In particular, using the Gumbel-Max trick, we can refactor the sampling of a discrete random variable into a deterministic function of some parameters and the Gumbel distribution. By doing so, we get around the fact that simple back propagation cannot be applied in the case of a stochastic computation graph with discrete random variables, as the function defined by the graph is not differentiable. The trick allows a low-variance but biased estimator of the gradient to be obtained via Monte Carlo sampling.

The estimator performs on par with previously established methods in tasks of density estimation. However, neither paper presents results for datasets more complex than MNIST. The reason for this is not made clear. An immediate extension of these works therefore is to consider more complex data that deal with discrete random variables. For example, the Gumbel-Softmax trick could be applied in the case of sequences such as language data.

As for the difference between the papers, those are slight: Jang et al. use a vector of Gumbels passed through a softmax activation, instead of the Gumbel density, in defining a variational lower bound, which results in a looser bound. Maddison et al. compared with a stronger baseline and found the Concrete / Gumbel-Softmax estimator to perform on par with other estimators on average (whereas Jang et al. find it performs slightly better, in terms of both accuracy and efficiency, than a weaker baseline).
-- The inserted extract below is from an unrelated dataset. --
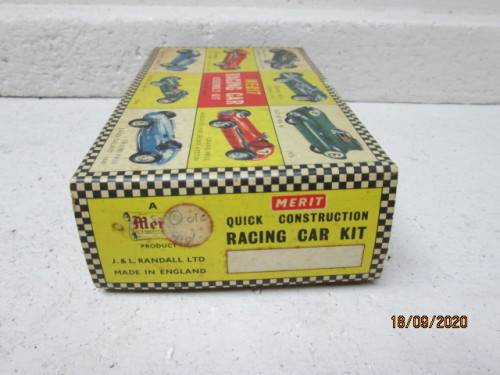 1:24 SCALE : MERIT RACING CAR - GP BRM 1956 - BOXED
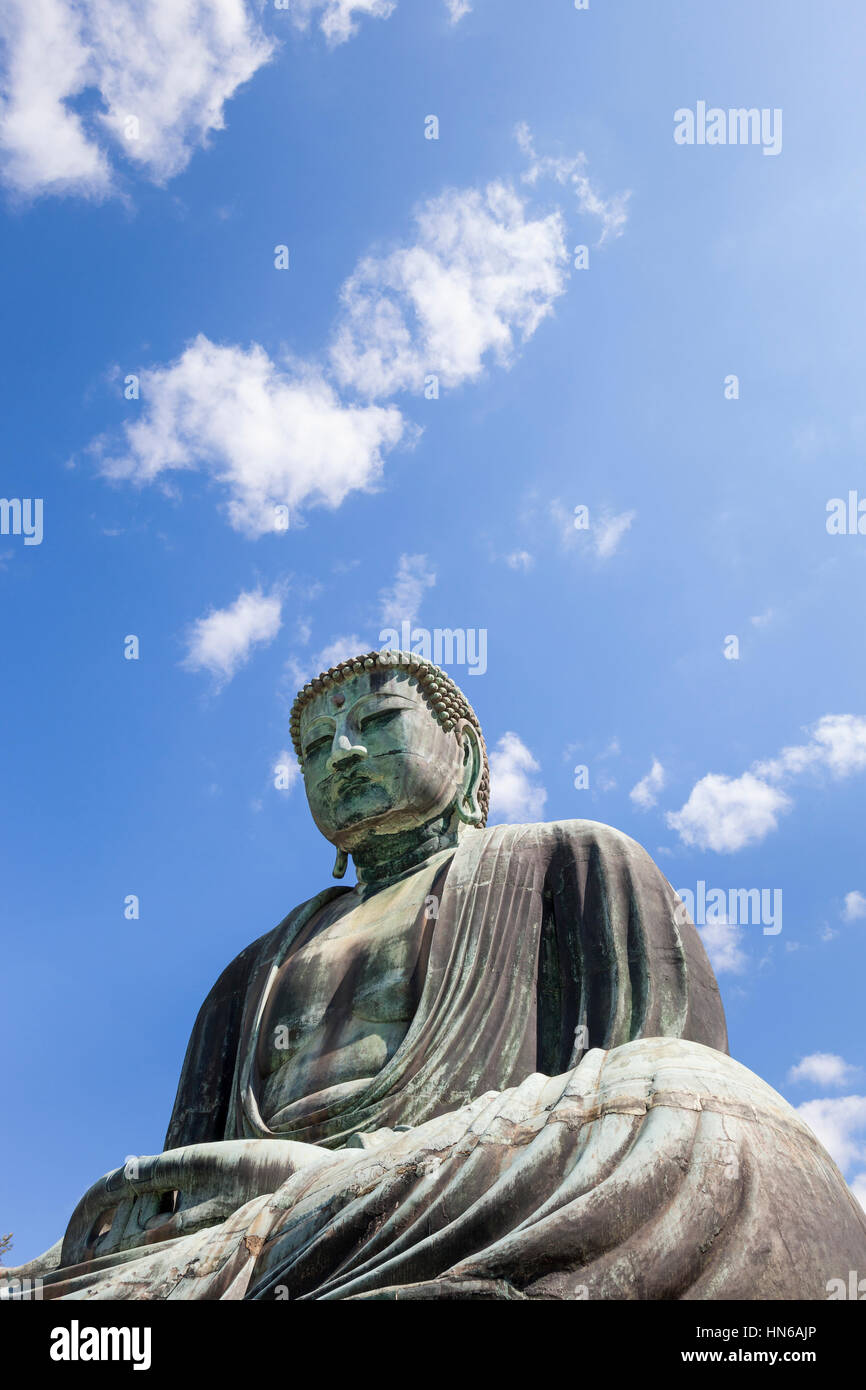 Kamakura, Giappone - 23 Maggio 2012: Il Daibutsu Grande Buddha a Kotoku-nel tempio di Kamakura, nella prefettura di Kanagawa, Giappone. Il Buddha di bronzo le date da Foto Stock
Lastly, Jang et al. describe the Straight-Through (ST) Gumbel Estimator which allows discrete samples (useful for robotics tasks) with a continuous backward pass.

A final point about both pieces of work is that there is a bias-variance tradeoff in the choice of the temperature parameter: with a small temperature, samples are close to a Categorical variable but the variance of the estimates of the gradients are large, and with large temperatures, samples are smooth (non-Categorical) but the variance of the gradients is small. The papers keep the temperature fixed and thus do not fully investigate how performance varies as a function of this parameter. However, they do suggest an annealing schedule such that the Gumbel-Softmax nodes behave more and more like Categorical random variables further on in training.

SceneNet: Understanding Real World Indoor Scenes with Synthetic Data

by: Ankur Handa, Viorica Patraucean, Vijay Badrinarayanan, Simon Stent & Roberto Cipolla

ArXiv, 2015

This paper addresses the problem of insufficient training data for indoor scene understanding deep learning models. Presently, the only indoor depth datasets with per-pixel labels are NYUv2 and SUN RGB-D which contain only 795 and 5285 training images, respectively. Since both of these datasets relied on humans to label them, dataset creation in this fashion is expensive and time consuming. The datasets also suffer from human error with missing or incorrect labels. To overcome some of these challenges, the authors compile a new set of fully annotated large 3D (basis) scenes from the internet and generate new scenes by adding many objects from shape repositories. This allows the authors to render many videos of the scenes.

To add variation to the basis scenes, objects can be removed, added, or perturbed from their original positions. In order to make the scenes as physically realistic as possible, many different constraints are used on an object’s potential location. By solving an optimization of bounding box intersection, pairwise distance, visibility, distance to wall, and angle to wall a realistic scene can be generated. Since the objects are retrieved from an object repository, the label of each object is already known, meaning that any additions to the scene will not affect the completely labeled nature of the basis scenes. The authors recognize that the noise distributions for these newly generated scenes may not mimic the real world, so they apply the simulated Kinect noise model. This paper is not concerned with correctly texturing the objects as it only uses depth maps for the model training.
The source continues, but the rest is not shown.